Cosa resta del vecchio quartiere della trasgressione, crocevia di malavitosi, prostitute e turisti in cerca di brividi?
C’era una volta Pigalle, quartiere a luci rosse di Parigi, dove i turisti facevano la fila per entrare nei bar, nei night club per respirare quell’aria un po’ dissoluta e maledetta che aveva ispirato Toulouse Lautrec e Manet.
Era diventata la mecca di ogni tipo di outsider: attori, ballerine, artisti, scrittori i quali si perdevano tra alberghi ambigui e locali notturni, i tipici bar americani degli spettacoli equivochi.
Vite sfrenate caratterizzate da povertà, insuccessi, risse, invidie, sbronze e spari.
C’era anche Le Bistrot du curé (l’osteria del curato), un singolare bar – ristorante aperto negli anni settanta da un sacerdote per testimoniare la presenza cristiana nel quartiere. Esattamente al n. 21 di Boulevard de Clichy, stretto tra un sex shop e la vetrina di un negozio di biancheria intima sadomaso, Le Bistrot du curé offriva di rifocillare il corpo e l’anima.
Con il passare degli anni il bistrò chiuse i battenti. I clienti si erano rarefatti: un po’ perché attratti più che dalla meditazione e dalla preghiera, dal sesso facile che si poteva consumare nel quartiere; ma soprattutto perché Pigalle nonostante la sua reputazione, non era più luogo sulfureo di un tempo e dunque vi erano meno peccatori da redimere.
Forse è stata tutta colpa della globalizzazione: tutti i quartieri a luci rosse delle grandi città si sono banalizzati e sembrano assomigliarsi sempre di più. In un certo senso Pigalle è diventata asettica: al posto dei night club dove i turisti accorrevano per vedere gli spogliarelli, pullulano i sexy shop specializzati nei live show.
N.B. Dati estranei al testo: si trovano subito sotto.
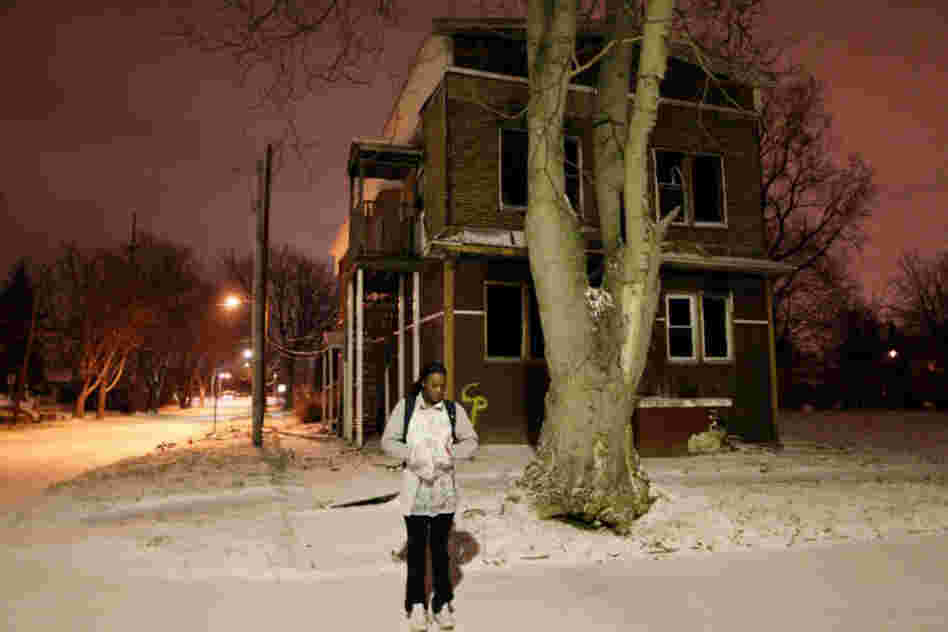 Aspiring Olympic boxer Claressa Shields, 16, waits in front of an abandoned house for the morning school bus in her hometown of Flint, Mich.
Pigalle è diventata finzione, una Disneyland del sesso piuttosto squallida.
Resta però ancora un grande cabaret, ultimo superstite del passato splendore; è il mitico Moulin Rouge che si affaccia su Place Blanche.
Raffinato e perfetto per una serata sexy chic. Seduti ad un tavolo con una bottiglia di champagne e un piatto di fois gras, si osservano meravigliose ragazze avvolte in piume, strass e paillette che si muovono in balli seducenti e provocatori. Uno spettacolo che dopo centoventisette anni registra ancora il tutto esaurito.
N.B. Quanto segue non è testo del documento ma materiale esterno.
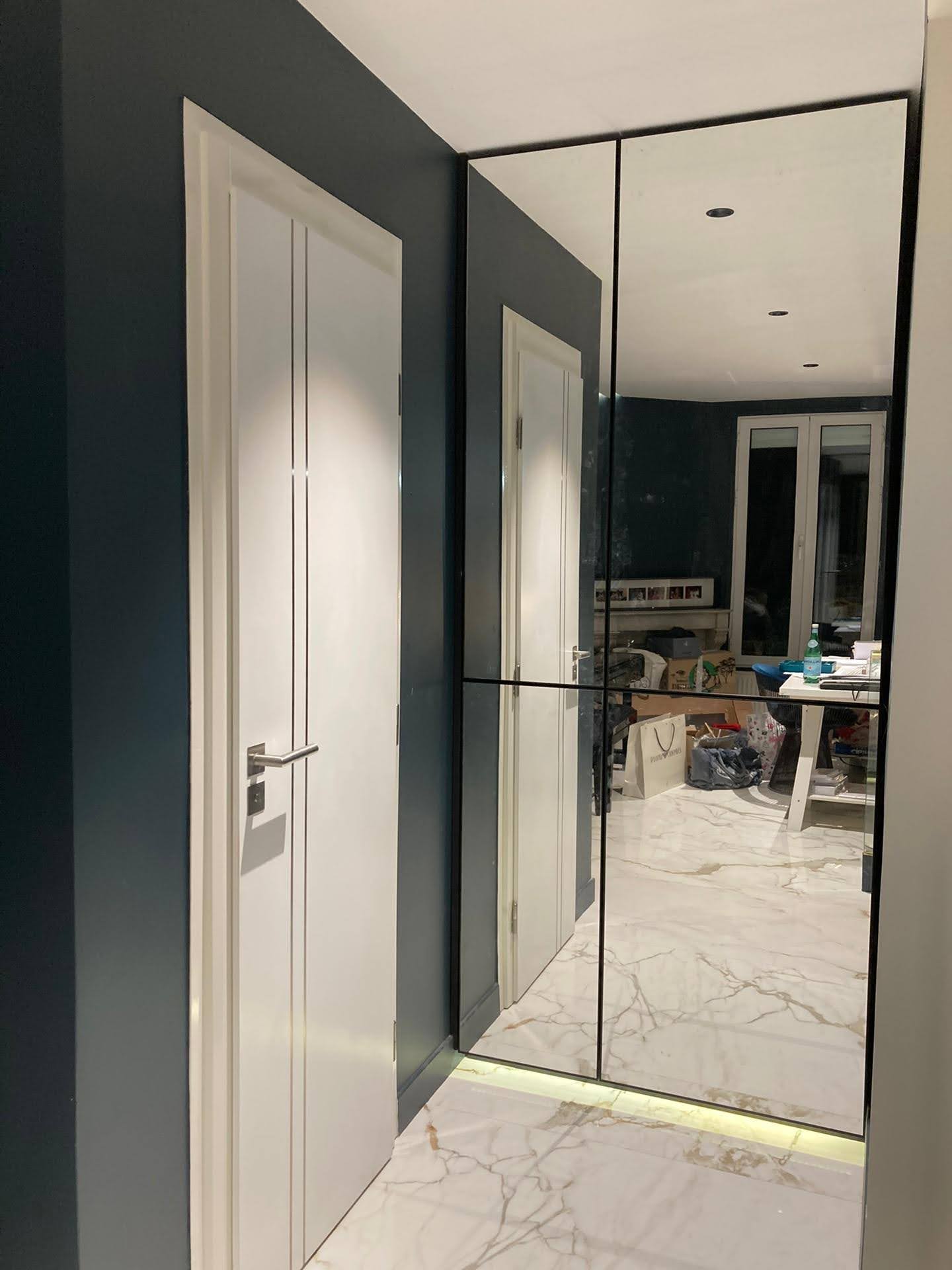 Corredor em azul-escuro com espelho grande de parede e pavimento em porcelanato marmore branco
Come non citare allora un pittore come Toulouse Lautrec? Amante e frequentatore del Moulin. Lautrec ci ha regalato una serie di opere d’arte non solo in grado di testimoniare quel mondo, ma anche di promuoverlo.
Ma il luogo più interessante ,oggi,del quartiere a luci rosse è chiuso in un museo. Si tratta del Museo dell’erotismo (al n. 72 del boulevard de Clichy); non un banale sexy shop ma un vero e proprio spazio culturale, un edificio a sette piani dove si possono ammirare dipinti e sculture che celebrano l’amore fisico e decine di fotografie erotiche scattate tra la fine del Ottocento e i primi del Novecento, senza dimenticare gli ambienti suggestivi, meticolosamente ricostruiti delle maisons closes, le case di tolleranza di una volta.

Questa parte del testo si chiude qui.